都内在住のため、旅に出るとき先ず迷うのは、「五街道のうち、今回はどの方面に行こうか」ということ。ほぼ均等の比率で江戸の町を後にしているつもりですが、西へ向かう旅が心持ち多いような気がします。毎度JR東日本の快速列車に乗り、熱海までは一気に移動。が、その後の駿河遠江の長いこと長いこと…(苦笑)。「静岡県内にも快速列車の設定を是非」と思わずにはいられません(経営層の方々、ご検討ください)。

 

そんな長い東海道線の旅ですから、途中下車をすること多数。下りの興津、上りの島田等、普段は普通列車の始発駅で乗り換えることが多いのですが、たまに気が向いたときには見知らぬ駅に降り立ってみます。
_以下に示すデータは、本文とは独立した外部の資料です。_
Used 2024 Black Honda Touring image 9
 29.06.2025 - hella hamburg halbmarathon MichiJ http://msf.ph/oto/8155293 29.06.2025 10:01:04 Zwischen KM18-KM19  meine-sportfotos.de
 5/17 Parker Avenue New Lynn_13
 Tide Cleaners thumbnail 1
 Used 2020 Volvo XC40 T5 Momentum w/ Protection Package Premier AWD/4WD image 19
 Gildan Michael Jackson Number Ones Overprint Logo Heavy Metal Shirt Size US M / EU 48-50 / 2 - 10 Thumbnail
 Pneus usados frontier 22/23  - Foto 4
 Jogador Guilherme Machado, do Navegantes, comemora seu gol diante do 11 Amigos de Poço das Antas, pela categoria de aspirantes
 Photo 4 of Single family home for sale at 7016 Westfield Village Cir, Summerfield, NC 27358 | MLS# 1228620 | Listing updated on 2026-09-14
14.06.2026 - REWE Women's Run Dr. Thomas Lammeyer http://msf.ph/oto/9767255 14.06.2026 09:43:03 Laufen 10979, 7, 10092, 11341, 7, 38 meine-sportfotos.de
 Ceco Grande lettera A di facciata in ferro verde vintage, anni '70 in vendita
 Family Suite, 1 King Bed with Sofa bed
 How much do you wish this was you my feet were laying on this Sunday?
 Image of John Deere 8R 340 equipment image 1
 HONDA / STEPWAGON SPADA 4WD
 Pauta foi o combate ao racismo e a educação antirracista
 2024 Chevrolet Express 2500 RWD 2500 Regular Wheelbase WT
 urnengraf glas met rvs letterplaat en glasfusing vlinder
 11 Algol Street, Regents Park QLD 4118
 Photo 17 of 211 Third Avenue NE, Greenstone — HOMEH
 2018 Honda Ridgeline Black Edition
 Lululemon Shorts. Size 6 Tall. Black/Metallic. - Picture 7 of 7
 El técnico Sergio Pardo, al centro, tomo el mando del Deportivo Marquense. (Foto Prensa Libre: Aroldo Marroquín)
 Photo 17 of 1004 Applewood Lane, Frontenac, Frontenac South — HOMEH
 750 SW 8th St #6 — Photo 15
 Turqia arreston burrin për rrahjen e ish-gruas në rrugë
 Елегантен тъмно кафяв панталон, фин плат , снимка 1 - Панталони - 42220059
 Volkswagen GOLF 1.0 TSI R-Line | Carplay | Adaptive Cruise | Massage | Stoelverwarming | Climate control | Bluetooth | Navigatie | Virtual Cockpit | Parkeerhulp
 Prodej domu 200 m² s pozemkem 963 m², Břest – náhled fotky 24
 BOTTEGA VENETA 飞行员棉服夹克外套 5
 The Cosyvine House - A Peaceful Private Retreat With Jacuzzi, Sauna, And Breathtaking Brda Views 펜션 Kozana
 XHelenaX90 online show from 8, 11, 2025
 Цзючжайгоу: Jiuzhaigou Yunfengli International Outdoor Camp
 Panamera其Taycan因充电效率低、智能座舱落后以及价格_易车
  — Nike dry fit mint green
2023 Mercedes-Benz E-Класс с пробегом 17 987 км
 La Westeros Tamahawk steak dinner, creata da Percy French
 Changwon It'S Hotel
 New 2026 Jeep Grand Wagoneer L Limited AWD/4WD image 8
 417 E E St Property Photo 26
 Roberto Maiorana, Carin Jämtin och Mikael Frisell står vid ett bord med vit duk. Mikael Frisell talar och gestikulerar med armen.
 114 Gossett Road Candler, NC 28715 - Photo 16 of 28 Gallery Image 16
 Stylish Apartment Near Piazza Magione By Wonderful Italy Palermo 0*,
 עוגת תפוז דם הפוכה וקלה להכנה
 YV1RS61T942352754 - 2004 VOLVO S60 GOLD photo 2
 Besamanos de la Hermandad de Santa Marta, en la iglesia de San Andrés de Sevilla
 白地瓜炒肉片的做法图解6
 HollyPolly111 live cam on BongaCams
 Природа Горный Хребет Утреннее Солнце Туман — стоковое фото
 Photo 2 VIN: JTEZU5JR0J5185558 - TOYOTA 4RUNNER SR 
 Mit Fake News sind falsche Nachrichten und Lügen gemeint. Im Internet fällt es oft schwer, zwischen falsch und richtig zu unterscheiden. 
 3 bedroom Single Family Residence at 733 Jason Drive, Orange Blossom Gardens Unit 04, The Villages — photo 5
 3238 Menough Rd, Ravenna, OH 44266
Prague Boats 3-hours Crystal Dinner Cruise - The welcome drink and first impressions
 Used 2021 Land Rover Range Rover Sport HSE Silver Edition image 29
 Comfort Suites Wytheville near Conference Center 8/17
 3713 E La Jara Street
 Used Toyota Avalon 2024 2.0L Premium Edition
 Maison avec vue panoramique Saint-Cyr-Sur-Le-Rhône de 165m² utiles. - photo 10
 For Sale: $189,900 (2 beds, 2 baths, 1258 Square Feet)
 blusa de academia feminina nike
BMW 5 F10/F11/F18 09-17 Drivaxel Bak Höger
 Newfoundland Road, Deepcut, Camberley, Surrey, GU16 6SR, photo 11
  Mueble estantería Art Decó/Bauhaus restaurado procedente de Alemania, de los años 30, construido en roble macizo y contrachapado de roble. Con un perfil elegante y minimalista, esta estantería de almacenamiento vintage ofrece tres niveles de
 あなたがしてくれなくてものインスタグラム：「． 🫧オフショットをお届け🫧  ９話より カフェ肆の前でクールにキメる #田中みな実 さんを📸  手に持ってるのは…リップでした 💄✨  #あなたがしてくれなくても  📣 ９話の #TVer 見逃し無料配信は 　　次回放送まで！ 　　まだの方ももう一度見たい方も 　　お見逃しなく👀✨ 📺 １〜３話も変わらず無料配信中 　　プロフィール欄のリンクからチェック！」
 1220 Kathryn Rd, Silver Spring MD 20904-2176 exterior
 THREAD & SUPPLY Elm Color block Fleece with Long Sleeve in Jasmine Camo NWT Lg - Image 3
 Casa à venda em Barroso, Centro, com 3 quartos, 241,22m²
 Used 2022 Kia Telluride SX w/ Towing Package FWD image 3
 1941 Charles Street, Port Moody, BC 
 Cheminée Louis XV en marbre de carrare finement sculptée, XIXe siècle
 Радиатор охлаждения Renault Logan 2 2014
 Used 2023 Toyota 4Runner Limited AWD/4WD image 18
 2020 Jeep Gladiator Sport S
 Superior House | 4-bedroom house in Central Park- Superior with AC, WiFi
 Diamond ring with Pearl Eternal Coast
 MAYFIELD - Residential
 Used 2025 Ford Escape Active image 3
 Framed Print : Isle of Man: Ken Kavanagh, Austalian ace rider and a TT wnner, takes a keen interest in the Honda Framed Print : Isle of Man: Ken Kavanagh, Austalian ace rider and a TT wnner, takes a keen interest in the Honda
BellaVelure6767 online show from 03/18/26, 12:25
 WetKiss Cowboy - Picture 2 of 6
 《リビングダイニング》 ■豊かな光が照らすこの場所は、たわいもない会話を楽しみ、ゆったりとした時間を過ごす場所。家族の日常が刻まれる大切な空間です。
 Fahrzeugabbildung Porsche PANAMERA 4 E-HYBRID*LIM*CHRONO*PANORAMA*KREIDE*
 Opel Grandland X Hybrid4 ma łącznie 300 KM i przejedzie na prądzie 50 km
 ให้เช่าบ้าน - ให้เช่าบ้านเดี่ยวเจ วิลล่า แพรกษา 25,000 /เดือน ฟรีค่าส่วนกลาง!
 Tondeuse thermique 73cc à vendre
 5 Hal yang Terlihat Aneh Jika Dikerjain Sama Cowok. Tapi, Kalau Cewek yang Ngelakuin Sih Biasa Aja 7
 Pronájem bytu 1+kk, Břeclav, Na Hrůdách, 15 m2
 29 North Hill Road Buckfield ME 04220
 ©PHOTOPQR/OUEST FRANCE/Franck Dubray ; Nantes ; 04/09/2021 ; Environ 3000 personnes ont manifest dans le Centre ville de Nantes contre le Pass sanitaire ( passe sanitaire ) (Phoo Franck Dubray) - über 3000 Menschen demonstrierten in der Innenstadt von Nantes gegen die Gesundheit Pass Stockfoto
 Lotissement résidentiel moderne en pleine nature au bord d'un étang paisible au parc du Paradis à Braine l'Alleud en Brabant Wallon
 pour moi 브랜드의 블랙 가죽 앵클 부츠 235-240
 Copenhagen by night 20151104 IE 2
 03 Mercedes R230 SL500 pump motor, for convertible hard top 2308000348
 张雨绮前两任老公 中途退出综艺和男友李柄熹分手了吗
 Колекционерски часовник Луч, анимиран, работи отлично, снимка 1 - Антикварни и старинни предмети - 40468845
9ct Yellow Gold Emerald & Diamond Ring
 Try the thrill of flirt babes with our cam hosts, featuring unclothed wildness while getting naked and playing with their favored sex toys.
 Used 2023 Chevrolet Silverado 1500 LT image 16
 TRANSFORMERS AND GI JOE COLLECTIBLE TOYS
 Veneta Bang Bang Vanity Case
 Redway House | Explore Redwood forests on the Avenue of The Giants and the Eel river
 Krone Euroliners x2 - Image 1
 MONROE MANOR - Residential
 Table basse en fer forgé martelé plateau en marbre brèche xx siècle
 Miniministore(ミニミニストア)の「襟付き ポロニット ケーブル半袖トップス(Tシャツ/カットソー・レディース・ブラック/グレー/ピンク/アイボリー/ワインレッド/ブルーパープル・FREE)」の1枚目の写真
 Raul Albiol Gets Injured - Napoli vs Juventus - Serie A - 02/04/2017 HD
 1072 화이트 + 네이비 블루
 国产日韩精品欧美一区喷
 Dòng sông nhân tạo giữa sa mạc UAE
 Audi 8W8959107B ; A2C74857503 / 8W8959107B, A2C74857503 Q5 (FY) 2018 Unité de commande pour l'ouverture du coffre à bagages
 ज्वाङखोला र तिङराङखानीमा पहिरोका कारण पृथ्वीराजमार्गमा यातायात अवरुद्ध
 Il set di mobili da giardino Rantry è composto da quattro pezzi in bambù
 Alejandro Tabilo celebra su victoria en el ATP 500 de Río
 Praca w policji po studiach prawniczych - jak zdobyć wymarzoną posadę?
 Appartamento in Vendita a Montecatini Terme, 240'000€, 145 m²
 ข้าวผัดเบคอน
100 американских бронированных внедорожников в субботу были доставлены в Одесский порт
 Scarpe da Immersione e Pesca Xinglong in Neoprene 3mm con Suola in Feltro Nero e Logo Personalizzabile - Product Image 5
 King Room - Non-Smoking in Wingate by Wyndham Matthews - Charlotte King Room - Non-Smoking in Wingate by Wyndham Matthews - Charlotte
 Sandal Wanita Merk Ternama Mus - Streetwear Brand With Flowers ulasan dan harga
東海道五十三次のこの宿場町を訪ねたのは数年前。列車の窓越し、茶畑の奥に立つ、室町時代からの城が今回の目的地です。

 

甲州武田信玄三河徳川家康という、歴史にその名を遺す有名武将に睨まれた風光明媚な駿河国。山海の幸に恵まれ、その上、甘いみかん、良質の茶まで栽培出来る土地柄です。嘸かし緊張の連続の歴史だったろうと、天守閣から城下を眺め、想像を巡らせます。余談ながらこの城、文久元年に再建された「二ノ丸御殿」が現存。国の重要文化財に指定されているようです。

 

写真の水饅頭は、偶然出会った旧東海道沿いの老舗和菓子店で頂いたもの(通常は「水まんじゅう」と記しますが、店の表示に従い漢字表記としました)。お店の人には甚だ迷惑でしょうが、出来る限り購入した商品はその場で頂く主義です。「新鮮なうちに…」と言いたいところですが、単に卑しいだけなのかもしれません(笑)。

 

さて、店内の床几台に腰掛けひと口…。城からの道中、夏の炎天下を歩いたせいもあってか、筆舌に尽くし難い味わいです。葛粉が放つ仄かな香り、中の餡の程よい甘味、滑らかな喉越しを生む絶妙な水気…。「もう少し上品に食せばよかったな…」と(おそらく店主から)思われるほど、一気に平らげてしまいました(笑)。

 

食後我に返り、ふと盆に目を落とすと、そこには愛らしい兎が二羽。すすきの原から仲良く半月を見上げています(写真では皿に隠れて見え難いかもしれませんが、右の水饅頭が少し黄色味がかっているのは、真下に金色に輝く月が隠れているせい)。よく見れば、決して安くはない伝統細工の和盆です。

 

どこの誰かも分からない飛び込みの一見客に対し、泰然、かつ涼やかに示す丁寧な応対。

 

以下は僕の勝手な思いですが…、

 

日本有数の主街道、宿場町。古の昔から東西を行き来する多くの旅人に接し続けてきた「遺伝子が成せる所作」と思わずにはいられない、そんな暖かな、真のおもてなしの心に触れた旅でした。